Empecé a caminar para donde pensaba que estaba la "salida". Caminé, caminé, caminé y nada. Decidí volver al campamento; seguro que era un chiste y estaban todos escondidos detrás de los árboles. ¿Como se van a ir sin esperarme? ¿Acaso el guía no sabe que es su deber contar a los integrantes que tiene a cargo y si falta alguno, esperarlo? En eso, vi una casita blanca, precaria, en el medio de la nada. No recordaba haberla visto antes. Me acerqué. En la galeria del frente, había una mujer parada. Me dijo que el grupo había pasado hacía un rato, que me apurará así los alcanzaba. "Pero estoy perdida -le dije-. No me doy cuenta de para donde tengo que ir."
"Es imposible que te pierdas -decretó-. Solo tenés que escuchar al agua para encontrar el arroyo, bordealo hasta llegar a un puentecito y cruzalo. En tu mejilla derecha, siempre te tiene que pegar al sol." Mientras me decía esto, me agarró del brazo y me llevó hasta lo que se suponía era "el camino". No era un camino convencional, ni siquiera tenía el pasto gastado. Ahí me dejó y se fue. Empecé a caminar. Todo era igual: pasto, árboles, pastizales, pasto, árboles, pastizales.

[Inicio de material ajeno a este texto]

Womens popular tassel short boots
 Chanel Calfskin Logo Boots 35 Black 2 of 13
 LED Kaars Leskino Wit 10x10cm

Seguí hasta que el camino se abrió en dos. ¿Por donde agarro? ¿Derecha o izquierda? Corazonada: izquiera. Me convenzo de que estoy OK. Sigo caminando. Todo es igual. Tengo calor. Me pican los mosquitos. No tengo Off. Tengo hambre, no sé qué hora es. Me siento desnuda sin mi celular. Acelero el paso. "Cuando llegue, mato al guía, que me devuelva la plata, cómo se va a ir sin mí", pienso. Tengo el jean pegado a las piernas, siento calor, mucho calor. Estoy de mal humor. Perdida y de mal humor. Me siento enojada conmigo y con el mundo entero. La sensación es fea.
¿Cuántas veces nos perdemos en la vida? ¿Cuantas veces no escuchamos el agua del arroyo que nos dice: "¿Es por acá?" ¿Cuantas veces depositamos en otro la responsabilidad de marcarnos nuestro camino? ¿Cuantas veces tenemos dos datos fundamentales para avanzar y sin embargo, en vez de usarlos a nuestro favor, compramos más y más libros de superación personal en busca de la respuesta?
Me detuve. Me quedé sentada un rato. El silencio era total. Me olvidé del calor y de todas mis quejas. Y ahí surgió con fuerza el sonido del arroyo. Lo encontré, lo bordeé y llegué a destino. Y no sólo eso: en el último tramo me encontré con tres personas que también estaban perdidas y pude guiarlas.
Solo era cuestión de aquietar la mente y escuchar mi voz interior.
El desafio, es reencontrarse, no importa cuantas veces perdamos nuestro rumbo.